Description of problem: When i upgrade to 2.1.5-2, scanning of https / ssl does not work anymore. It could be that nikto has it's own LW.pm module, which is not in the package. (See http://cirt.net/nikto2-docs/installation.html) Version-Release number of selected component (if applicable): nikto-2.1.5-2.fc17.noarch How reproducible: Just run this command: $ nikto -host google.com -port 443 -ssl and get the result: Undefined subroutine &LW2::init_ssl_engine called at /bin/nikto line 66. Steps to Reproduce: 1. Run in shell "nikto -host google.com -port 443 -ssl" Actual results: Undefined subroutine &LW2::init_ssl_engine called at /bin/nikto line 66. Expected results: That the scanning runs Additional info: It worked in 2.1.4
Created attachment 620751 [details] New nikto.spec file Figured out that the problem is that Nikto uses a modified version of LW2.pm. Therefore modified the spec-file. (Attached.) Should also remove the "nikto-libwhisker2.patch" file.

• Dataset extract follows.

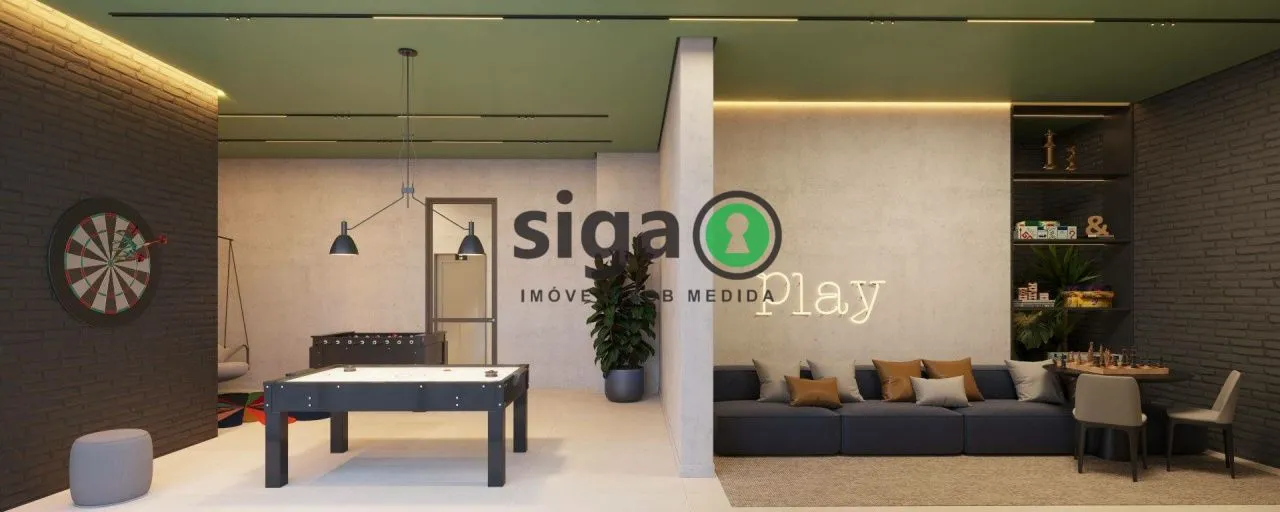 Imagem Apartamento Garden a venda com 3 suites e 2 vagas na Vila Clementino - SP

Hello Kjetil, this is against the pakaging guidelines to use embedded libraries. If possible we should have one libwhisker in the system. That is the reason why there was some libwhisker2 patch in the first place. Simple commenting out the line works, but is indeed somehow greedy in resources. #set SSL Engine #LW2::init_ssl_engine($CONFIGFILE{'LW_SSL_ENGINE'}); I would say it is libwhisker which should be patched or maybe even the Net:SSLey, if it is really the one who leaks. There seems to be some more thing on the other hand some more issue which needs attention. With this release all db_* files moved from /usr/share/nikto/plugins to /usr/share/nikto/database. Michal Ambroz
I just confirmed the memory leak is really there. The memory leak in Net::SSleay is best demonstrated on a ssl server, which takes long to response. Using the libwhisker from nikto2 using Net::SSL would be running ok (cca 30M of memory), but using the system libwhisker Some more info: http://attrition.org/pipermail/nikto-discuss/2008-April/000032.html
but using system libwhisker - the Net::SSLeay is preffered and it quickly eats all the memory (2Gigs in less than minute scanning single host)
nikto-2.1.5-3.fc17 has been submitted as an update for Fedora 17. https://admin.fedoraproject.org/updates/nikto-2.1.5-3.fc17
Package nikto-2.1.5-3.fc17: * should fix your issue, * was pushed to the Fedora 17 testing repository, * should be available at your local mirror within two days. Update it with: # su -c 'yum update --enablerepo=updates-testing nikto-2.1.5-3.fc17' as soon as you are able to. Please go to the following url: https://admin.fedoraproject.org/updates/FEDORA-2012-15415/nikto-2.1.5-3.fc17 then log in and leave karma (feedback).
nikto-2.1.5-3.fc17 has been pushed to the Fedora 17 stable repository. If problems still persist, please make note of it in this bug report.